WHAT THE TASK REQUIRES :: Leaving out every picture, copy the lines of the data exactly, from the first through the line containing "If you were".

DATASET SECTION ::
____
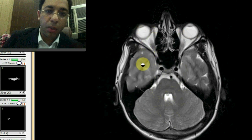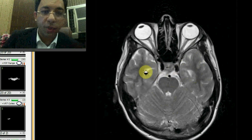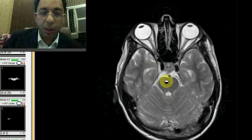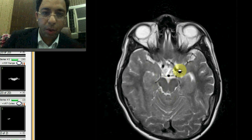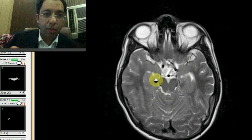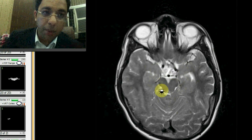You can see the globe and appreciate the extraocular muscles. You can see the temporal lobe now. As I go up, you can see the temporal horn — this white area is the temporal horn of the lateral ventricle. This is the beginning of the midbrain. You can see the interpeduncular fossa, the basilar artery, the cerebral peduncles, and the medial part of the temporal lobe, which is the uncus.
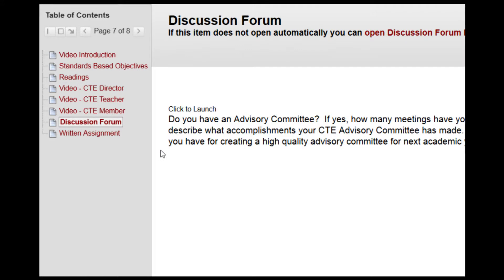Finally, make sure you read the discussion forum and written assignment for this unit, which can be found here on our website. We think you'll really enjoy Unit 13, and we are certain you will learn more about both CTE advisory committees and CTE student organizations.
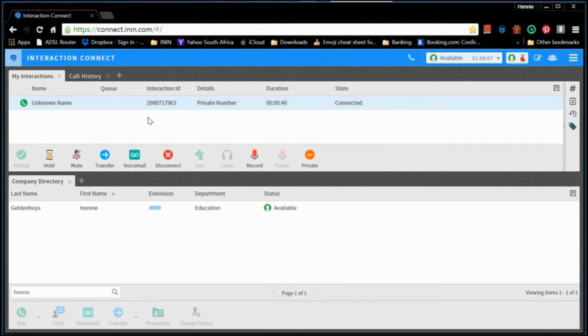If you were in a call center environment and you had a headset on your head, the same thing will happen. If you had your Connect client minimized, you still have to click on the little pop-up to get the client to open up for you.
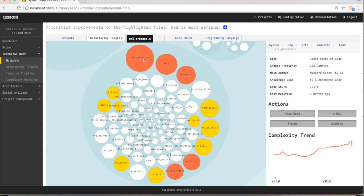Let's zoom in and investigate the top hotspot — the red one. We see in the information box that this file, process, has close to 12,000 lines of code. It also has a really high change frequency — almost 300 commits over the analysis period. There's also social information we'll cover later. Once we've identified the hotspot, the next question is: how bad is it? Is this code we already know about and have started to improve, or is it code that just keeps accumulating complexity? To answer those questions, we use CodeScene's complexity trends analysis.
____
RESPONSE FOR THIS EXERCISE ::
You can see the globe and appreciate the extraocular muscles. You can see the temporal lobe now. As I go up, you can see the temporal horn — this white area is the temporal horn of the lateral ventricle. This is the beginning of the midbrain. You can see the interpeduncular fossa, the basilar artery, the cerebral peduncles, and the medial part of the temporal lobe, which is the uncus.
Finally, make sure you read the discussion forum and written assignment for this unit, which can be found here on our website. We think you'll really enjoy Unit 13, and we are certain you will learn more about both CTE advisory committees and CTE student organizations.
If you were in a call center environment and you had a headset on your head, the same thing will happen. If you had your Connect client minimized, you still have to click on the little pop-up to get the client to open up for you.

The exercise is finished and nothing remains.